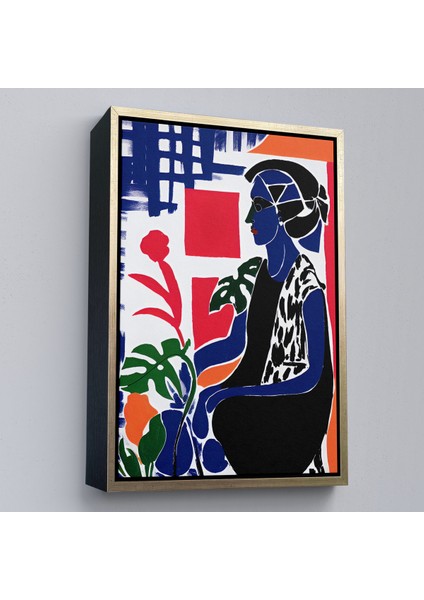 Çerçeveli Dekoratif Kanvas Tablo, Yeşil Yapraklı Monstera ve Kadın TABLOSU-7989 fiyatları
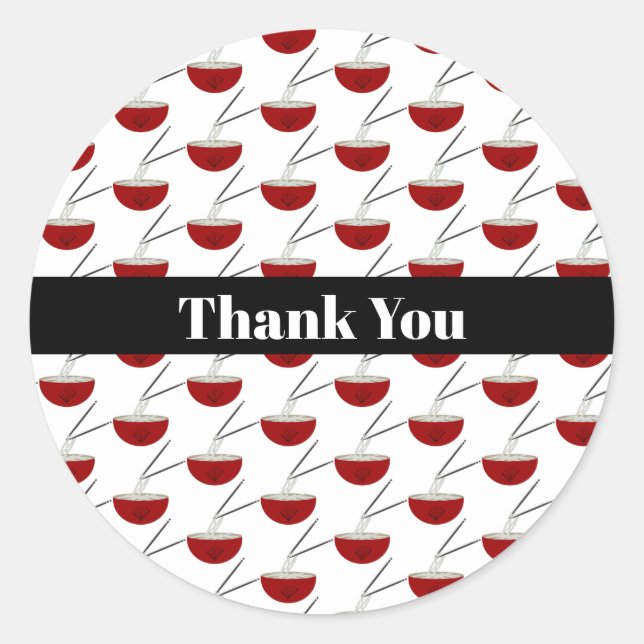 Pegatina Redonda Ramen Noodles Asian Bowl Party (Anverso)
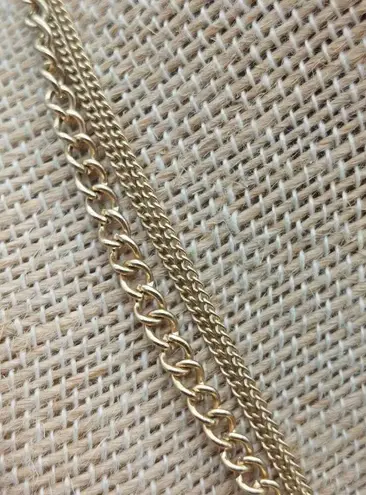 NWT Sequin Gold Tone & Blue Bead Collar Necklace Asymmetrical Paved Pendant 18"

- Exercise objective: Nothing but the pictures should be left out when the material above is copied.

- Completed exercise:
 Çerçeveli Dekoratif Kanvas Tablo, Yeşil Yapraklı Monstera ve Kadın TABLOSU-7989 fiyatları
 Pegatina Redonda Ramen Noodles Asian Bowl Party (Anverso)
 NWT Sequin Gold Tone & Blue Bead Collar Necklace Asymmetrical Paved Pendant 18"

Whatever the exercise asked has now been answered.